Betty Amann in Asphalt


L'Empire

Fabrice Luchini

Bruno Dumont's L'Empire is a pleasantly lunatic vision, meshing Dumont's beloved northern France settings with a science fiction parody. Two dueling extraterrestial clans seek to renew their legacy by assuming a human form and propagating in the Côte d'Opale. Mythic themes are parodied and burlesqued: rival dynasties, star-crossed lovers, and an anointed child preordained to lead the next generation. Unlike the George Lucas efforts it mocks, L'Empire offers genuine spasms of violence and sex. The aliens races are equally eager to decapitate with their light sabres and to copulate in their newly acquired human flesh. The cheekily comic couplings occur in nature, on land or sea, in landscapes worthy of Courbet.  

The two warring clans are monikered the 0s and the 1s, the building blocks of our digital age. The 0s have a spaceship that looks like Versailles. They have a patriarch (Fabrice Luchini) and resemble, in their non-human forms, merde emojis without  Gallic charm. The1s have a mother ship that resembles Reims Cathedral and resemble rays of light. Dumont is parodying the French dualism that has dominated it national discourse even before Descartes posited a mind/body split. French discourse and French humor have never really caught on in the States and L'Empire opened here with barely a ripple.

Dumont contains this film within his own cinematic universe of northern France seen before in his mini-series L'il Quinquin. As in that project, he strikes gold with youthful performers. Based on her previous work, I expected  a fierce and committed performance from Anamaria Vartolomei, but Dumont gets equally compelling work from newcomer Brandon Vileghe. Only Fabrice Luchini overdoes it, but what can you expect when Luchini is playing a character named Belzébuth. 


Crime 101

Mark Ruffalo and Chris Hemsworth
Bart Layton's Crime 101 is the most satisfying noir in some time. Layton has relied heavily, but not slavishly, on Don Winslow's sleek and superb novella. A number of critics have compared this new film to Michael Mann's Heat, but the surface similarities between the two films, both are LA based heist flicks, are simply that. Heat, like most Michael Mann films, is focused on the mythos of machismo. I revere Heat, but, frankly, that daylight robbery of the bearer bonds or whatever the hell they were is ludicrous. Now I enjoy the kinetic rush of the sequence, but it is not, in any way, a realistic portrayal of how and where to go about an armed robbery. Nevertheless, the whole tone of the film is mythic rather than realistic, so why carp. Winslow's novella and Layton's film(s) are more interested in realistic characterization than mythic figures. At the end of Heat, the cop upholds his duty and nails the perp. That is not what happens at the end of Crime 101. The cop in the Layton film knows the beast of societal justice must be fed, but he ultimately follows his own code.
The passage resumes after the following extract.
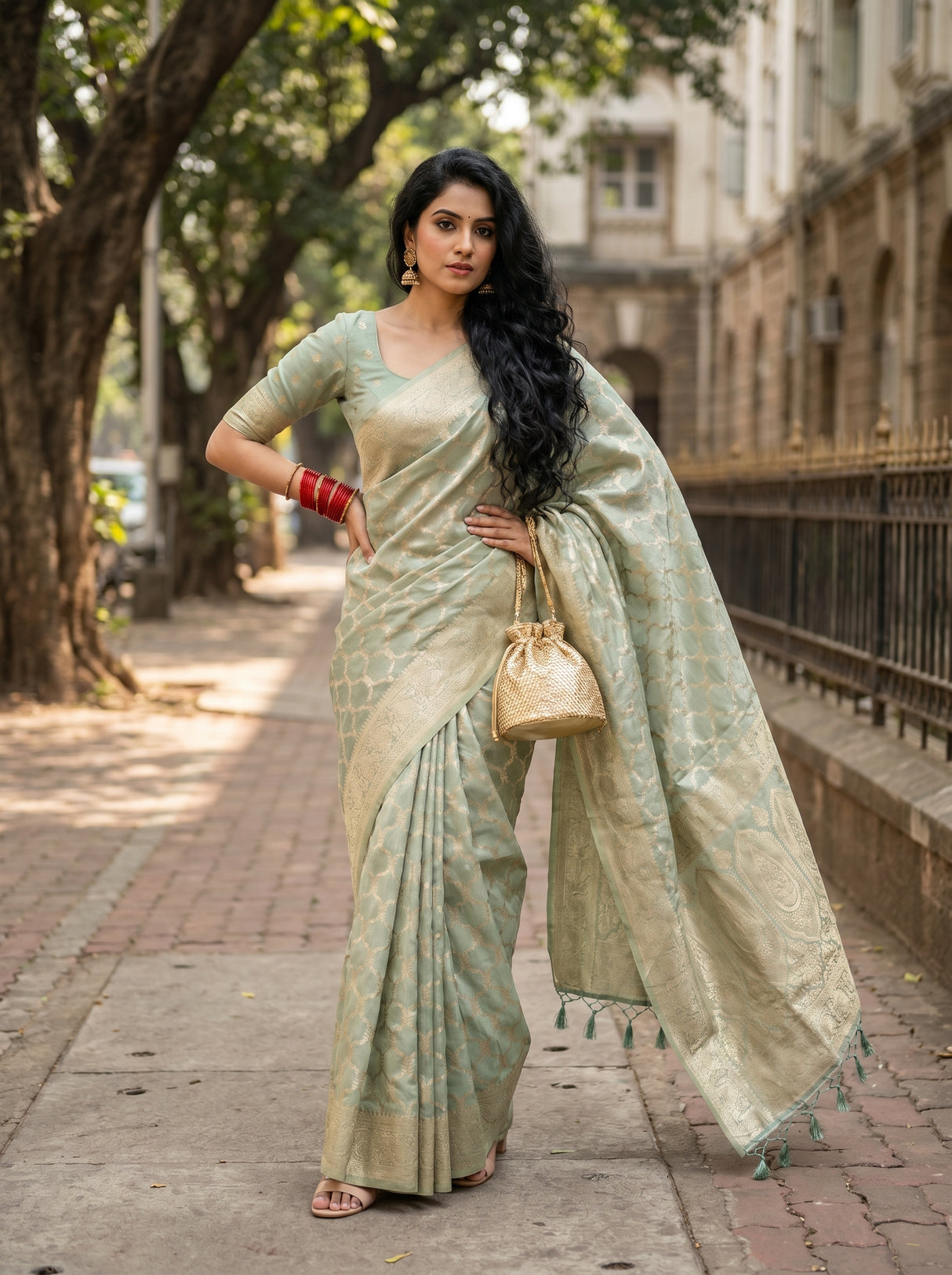 MIMOSA Rama Banarasi Art Silk Saree — pose 5 styling detail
Every character in Crime 101 masks his true self. This Layton makes plain in the scene in which Halle Berry goes through her daily make-up routine. One's true self is irrelevant to one's success in society. This is as true for the cop (Mark Ruffalo) as it is for the insurance agent (Ms. Berry) and thief (Chris Hemsworth). It is when these character put down the masks they have constructed for themselves that they can find a sense of commonality. The main problem I have with this movie is Chris Hemsworth. He's ok when the mask is in place, but he telegraphs his character's moments of vulnerability. Think of Brad Pitt in this role and you might see what I mean. I also felt that Nick Nolte's performance is disastrous. It was like watching Willie Mays when he played for the Mets. Otherwise, the ensemble is superbly cast and at the top of their game. Excellent work from Ms. Berry, Mr. Ruffalo, Barry Keoghan, Monica Barbaro, Corey Hawkins, Tate Donovan, and Jennifer Jason Leigh. The score by Blanck Mass is spine tinglingly effective without being obtrusive.